INSTRUCTIONS FOR THE TASK.
Below this line is a listing that includes pictures. Copy exactly, and only, the lines from the one containing "2021 Peterbilt 579-12" through the one containing "Front Right On"; the pictures do not go in the copy.

RECORDS FOR PROCESSING.
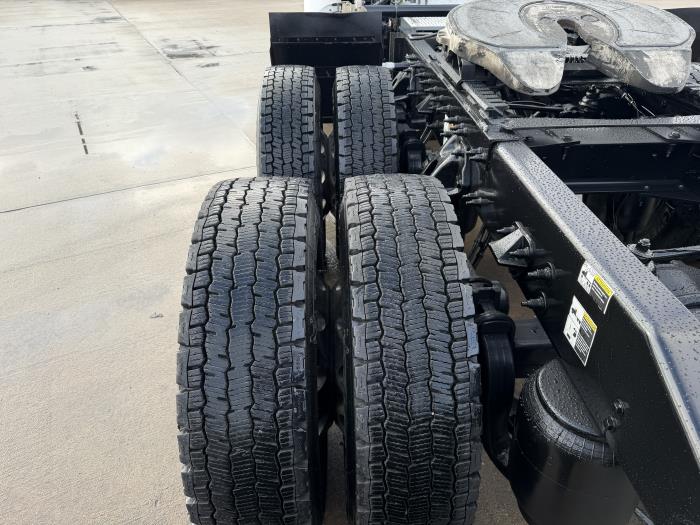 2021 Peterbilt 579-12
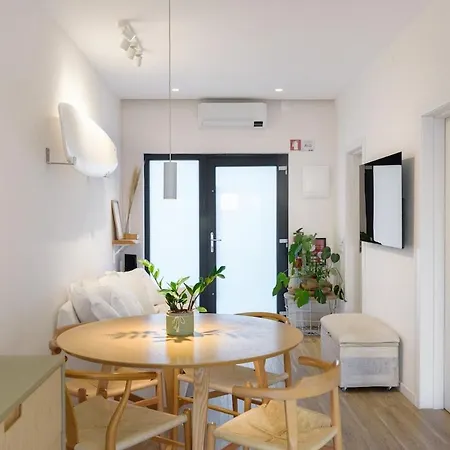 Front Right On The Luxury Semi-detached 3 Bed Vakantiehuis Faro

--

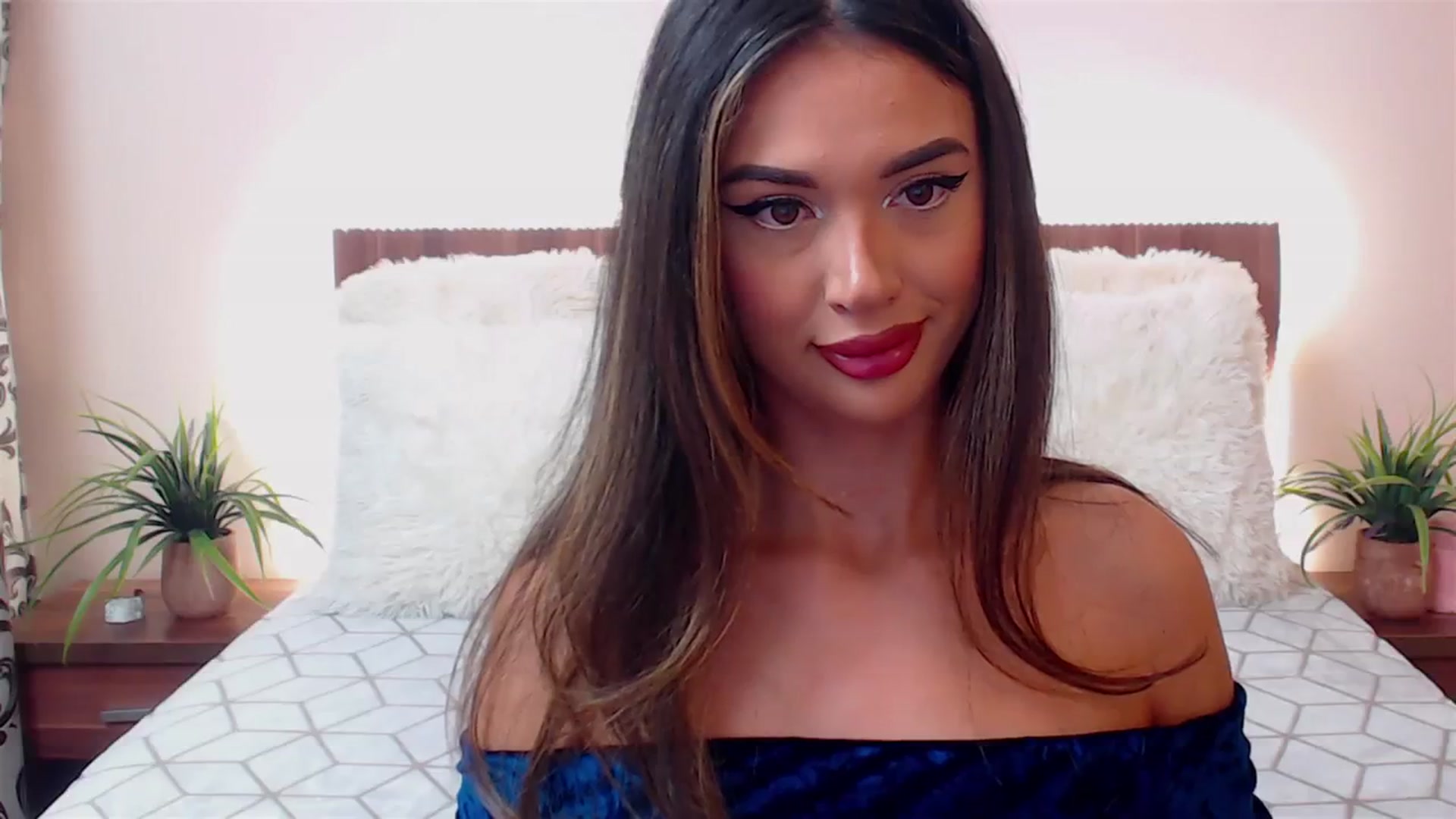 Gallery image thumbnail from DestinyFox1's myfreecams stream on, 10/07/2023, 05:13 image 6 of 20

---

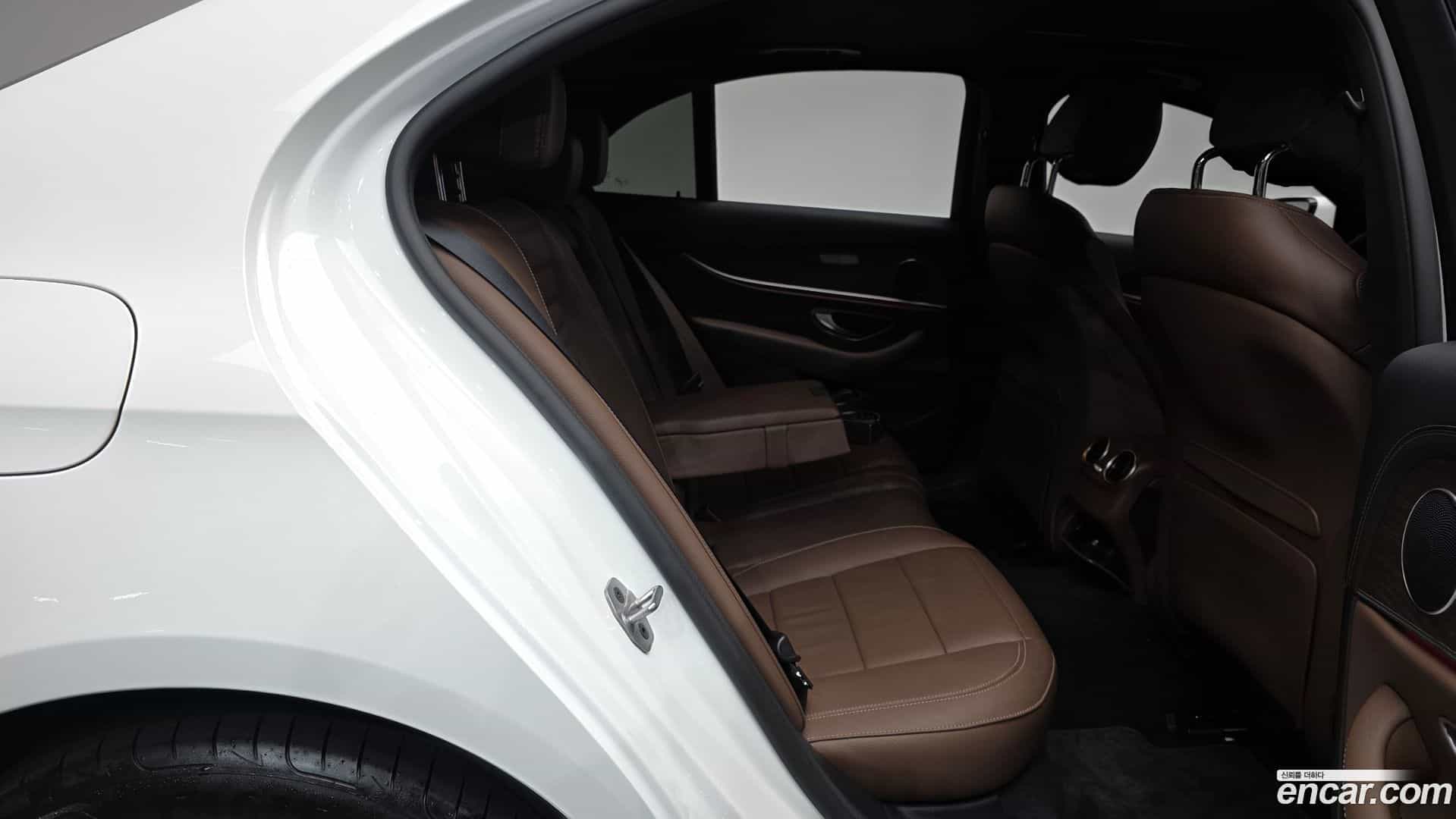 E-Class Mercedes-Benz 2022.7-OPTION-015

SOLUTION TO THIS PROBLEM.
 2021 Peterbilt 579-12
 Front Right On The Luxury Semi-detached 3 Bed Vakantiehuis Faro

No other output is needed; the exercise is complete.